**Stored items from a collection:**
++++++++++++++++++++
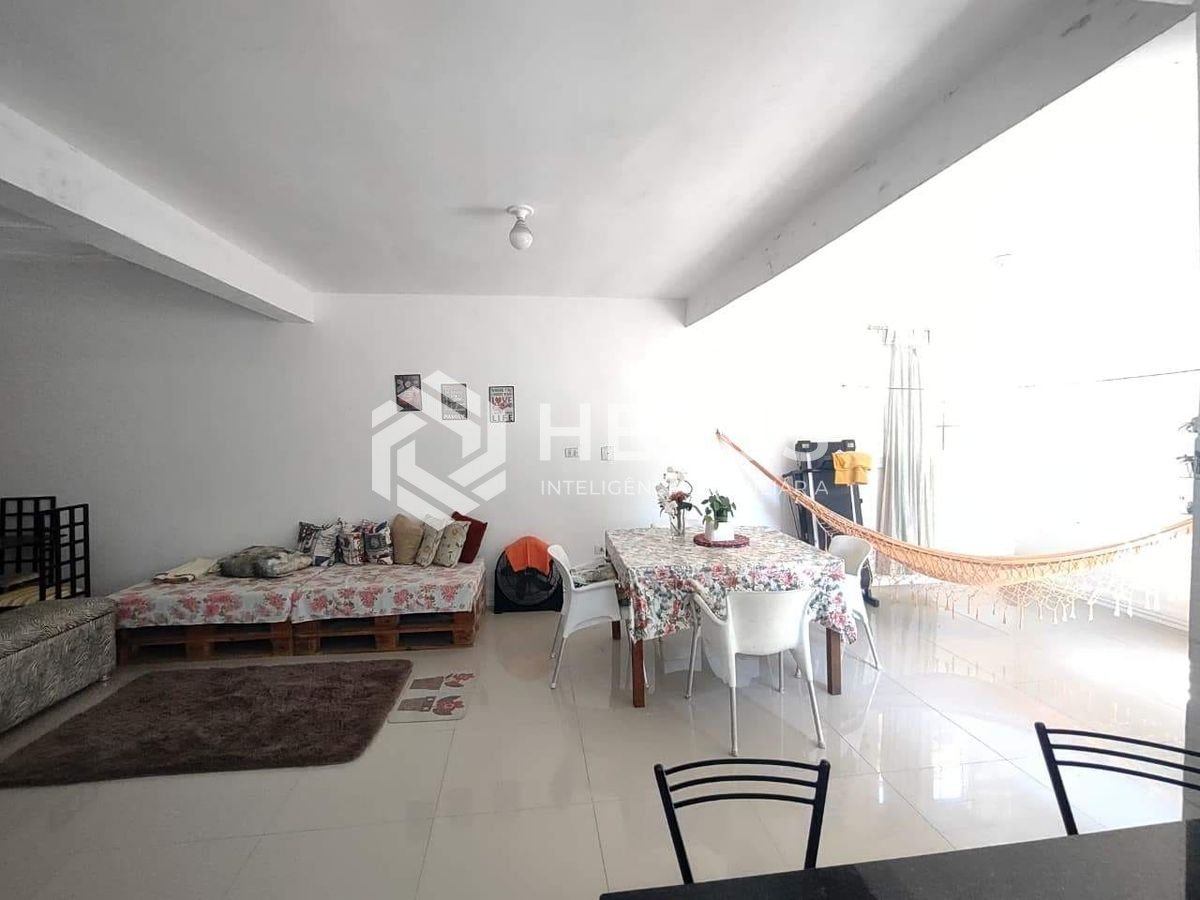 Foto 5 de Casa no Jardim Albamar, Guaruja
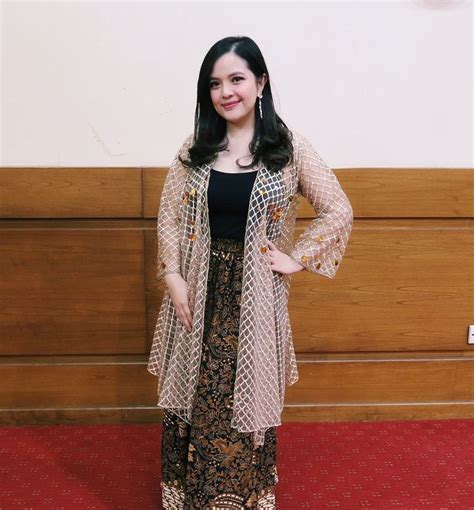 Tasya Kamila Di Instagram Selamat Hari Batik Nasional Hari Ini Pake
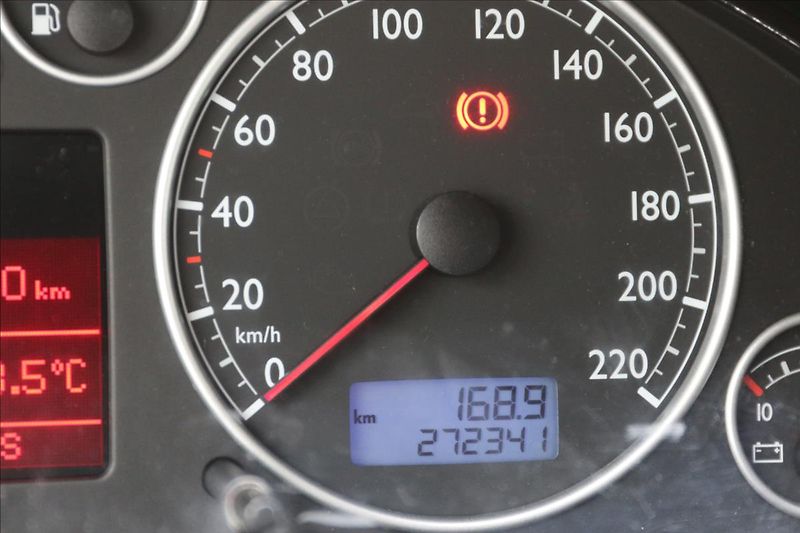 Volkswagen Multivan 2,5 TDi, Tažné , Klima - fotka 18 z 40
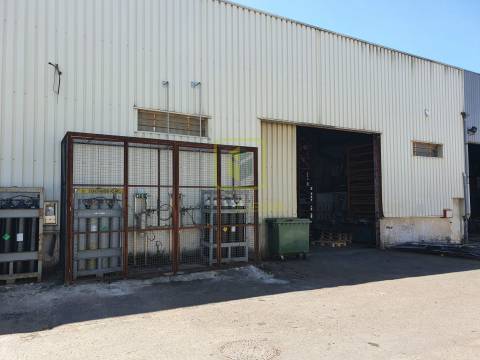 Armazém para Arrendamento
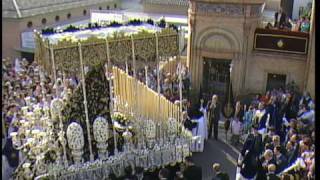 Procesión La Estrella Semana Santa de Sevilla [upl. by Millan]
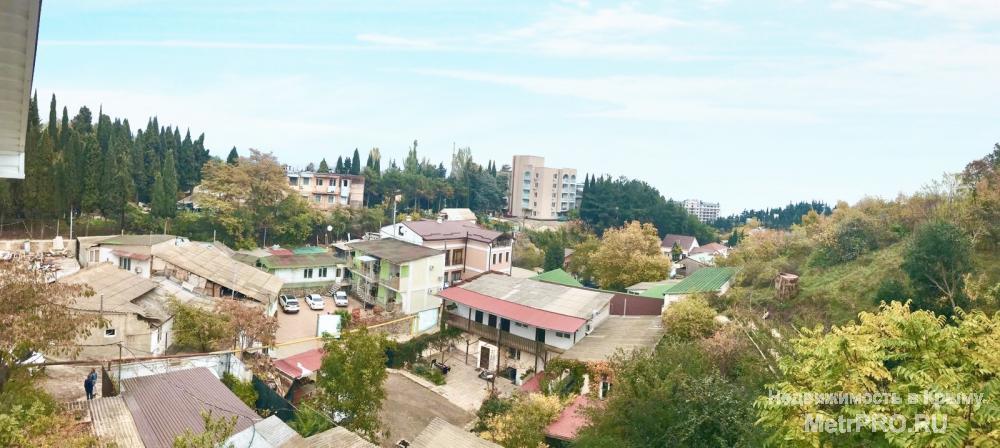 Россия, Республика Крым  г. Алушта,  ул. Краснофлотская.     Продажа трёхэтажного дома =233 кв.м.  Земельный участок... - 4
++++++++++++++++++++
From the line containing "Volkswagen Multivan 2,5" down to the last line of the entries above, set down every line exactly. Omit all pictures.

 Volkswagen Multivan 2,5 TDi, Tažné , Klima - fotka 18 z 40
 Armazém para Arrendamento
 Procesión La Estrella Semana Santa de Sevilla [upl. by Millan]
 Россия, Республика Крым  г. Алушта,  ул. Краснофлотская.     Продажа трёхэтажного дома =233 кв.м.  Земельный участок... - 4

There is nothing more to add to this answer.